According to their evaluation, “peasants and small farmers, especially women, account for over half of Russia’s agricultural production but occupy only a quarter of the agricultural lands,” and “in Ukraine, they produce 55% of the agricultural output on only 16% of the land, while in Kazakhstan, where they occupy half of the land, they account for 73% of agricultural production. The fact is that these countries are fed by their peasants and small farmers.”

The groups pointed that this fact “is true the world over. Wherever offical data are available, as in the EU, Colombia and Brazil, or in the studies undertaken in Asia, Africa and Latin America, peasant farming is shown to be more efficient than large-scale agribusiness.”

“Contrary to what is claimed by the director-general of the FAO, those who really have the capacity to feed the world are the world's men and women farmers and peasants. The expansion of agribusiness has only exacerbated poverty, destroyed the potential for dignified rural livelihoods, increased pollution and environmental destruction, and brought back the scourge of slave labor and a series of recent food and climate crises,” warned the organizations..

“For social movements and the peasants and small farmers of the world, it is unacceptable and even incomprehensible for a director-general of the FAO to be promoting the destruction of peasant farming and an increase in land grabbing. It is particularly troubling for this to occur after three years of careful, hard work by La Via Campesina and other organizations in constructing the FAO's voluntary guidelines to protect communities against land grabs,” they added.

The groups remembered that “Da Silva had repeatedly assured farmers’ organizations during his campaign” to head the FAO “that he would promote and validate the importance of peasant agriculture and the critical role small farmers must play in food production.”

“The language used by Graziano da Silva and Chakrabarti” in their article “is offensive,” they said, and remarked “phrases like ‘fertilize this land with money’ or ‘make life easier for the world's hungry’.” Those appeals “call into question the FAO's ability to do its job with the necessary rigor and independence from large agribusiness companies and fulfill the UN mandate to eradicate hunger and improve the living conditions of rural people.”

When Da Silva agreed that the main obstacles to improve agricultural production are the “relatively high levels of protection,” the “lack of proper irrigation” and the “small and uneconomically sized farms,” he unveiled “the FAO's subservience to the demands and interests of greedy investors”, that “undermines all the work at conciliation that has taken place in recent years between farmers’ organizations” and the agency.

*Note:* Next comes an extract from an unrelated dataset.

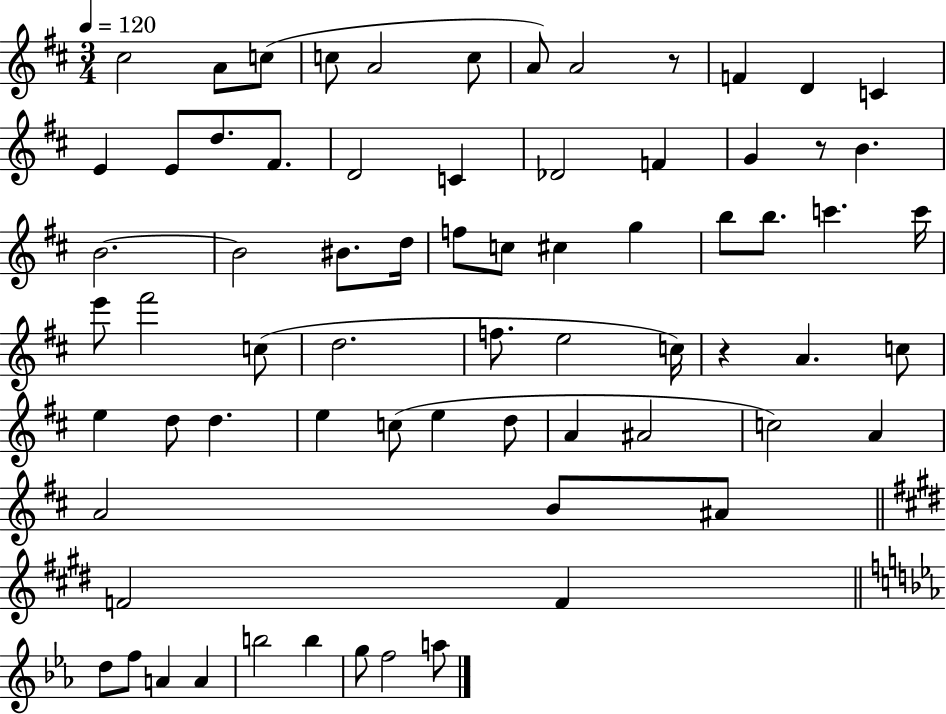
C#5/h A4/e C5/e C5/e A4/h C5/e A4/e A4/h R/e F4/q D4/q C4/q E4/q E4/e D5/e. F#4/e. D4/h C4/q Db4/h F4/q G4/q R/e B4/q. B4/h. B4/h BIS4/e. D5/s F5/e C5/e C#5/q G5/q B5/e B5/e. C6/q. C6/s E6/e F#6/h C5/e D5/h. F5/e. E5/h C5/s R/q A4/q. C5/e E5/q D5/e D5/q. E5/q C5/e E5/q D5/e A4/q A#4/h C5/h A4/q A4/h B4/e A#4/e F4/h F4/q D5/e F5/e A4/q A4/q B5/h B5/q G5/e F5/h A5/e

“Where, we wonder, will peasant families go if these plans to transform their lands into industrial megafarms are successful?” the groups asked.

“Beyond the issue of the FAO abandoning its mission, it is also of deep concern that the EBRD is playing such an active role in profitting from and promoting investments in land grabbing and the take over of agriculture by big agribusiness. The EBRD's stance is all the more dangerous now that its area of operation is expanding in North Africa,” reads the statement.

“What is needed for agriculture and the planet is just the opposite of what Chakrabarti and Graziano da Silva propose,” said the organizations. “Humanity and those suffering from hunger need the ‘agri-cultures’ of rural areas, which represent half the world’s population and make peasant farming possible, to be protected and promoted -- because peasant farming is more efficient and productive, because it produces at least half of the global food supply and most of the employment in rural areas, and because it can cool the planet,” added the groups.

“The livelihoods of peasants and indigenous peoples and their food production systems cannot be destroyed to create a new source of mega profits for a tiny group of elites. We need comprehensive and effective agrarian reforms that put lands and territories back into the hands of rural peoples. The commodification and grabbing of lands must be stopped and reversed. We do not need agribusiness; we need more communities and more peasant and indigenous families farming with dignity and respect. Small farmers feed the world! Agribusiness grabs it !” ends the statement.